高橋さんは、書類送検されたまつりさんの上司の男性幹部が不起訴処分(起訴猶予)とされたことについて、「この上司が労働基準法違反の指示をしていたことは明確であり、刑事処分が妥当であると考えていたので、検察官が上司個人を不起訴処分としたことには納得できません」とした。
その上で、「入社してわずか半年の新入社員に対して、正社員に登用した月から連日の深夜労働や徹夜勤務、休日出勤をさせたことは絶対に許せない、悪質な行為であり、上司個人が罪に問われないことは、誠にやりきれない思いです」と訴えた。
(産経新聞 7月7日)
上司など幹部3人に不起訴処分が下されたのは、違法性の認識が乏しく悪質性がないという理由からだ。この判決は悪しき前例になるかもしれない。違法性の認識は主観の問題であり、認識が乏しかったと言われれば是認せざるを得ないのだろう。

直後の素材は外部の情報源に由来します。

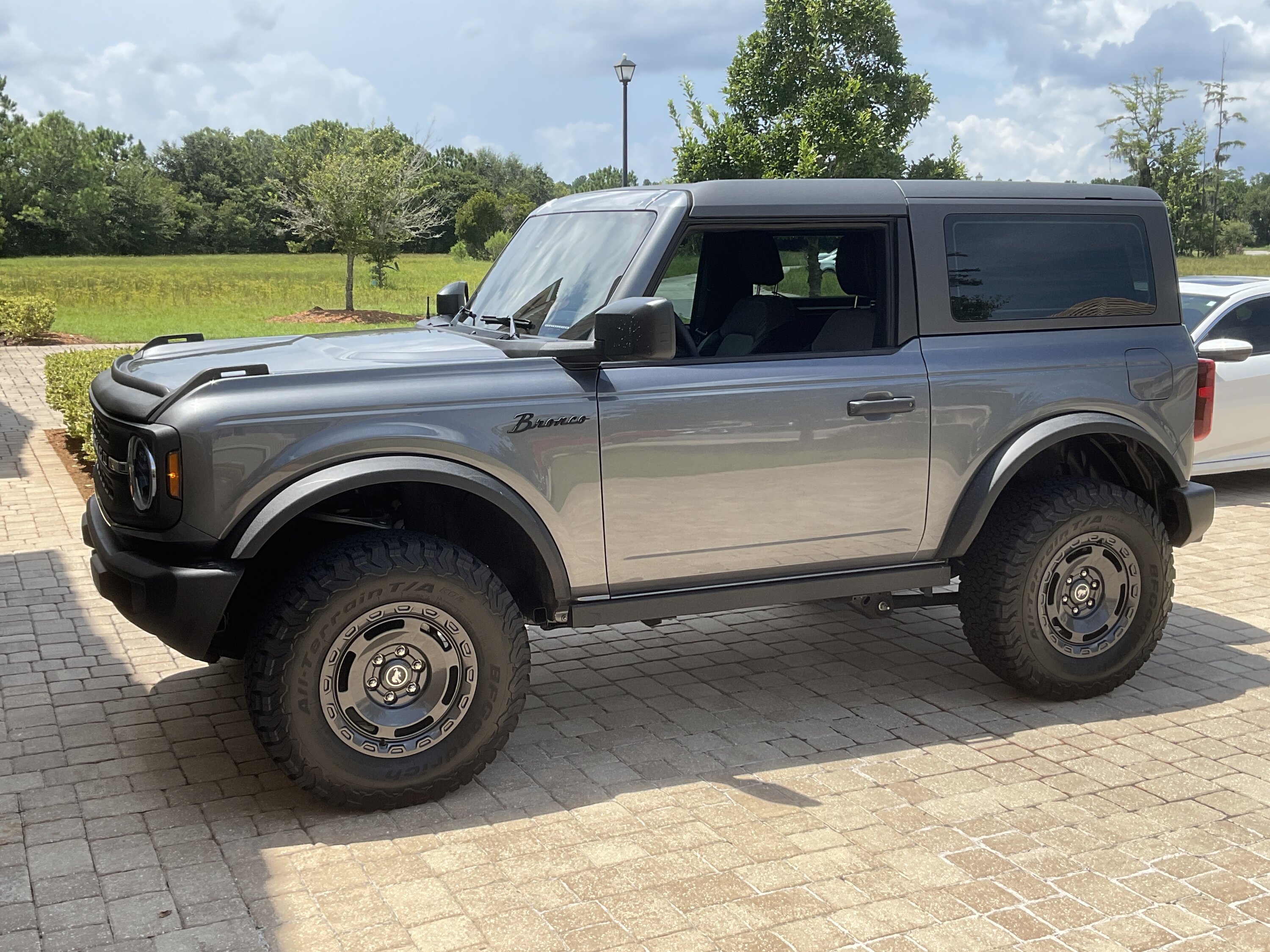Ford Bronco Swap results: 2023 Base Hitachi Coilovers to > 2023 Badlands Coilovers 1691208831545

だが、違法行為が蔓延していたのは、誰かが指示していたからで、責任が問われなければ長時間労働問題は根本的に解決しない。責任を組織に帰属させ、個人には問わずに責任の所在をあいまいにするのは、無責任体質の通弊である。
責任の所在を明確にしない限り、再発防止につながらない。電通問題が働き方改革をもたらしたのに、その電通に対して責任があいまいに処理されては、火種が消えたとはいえない。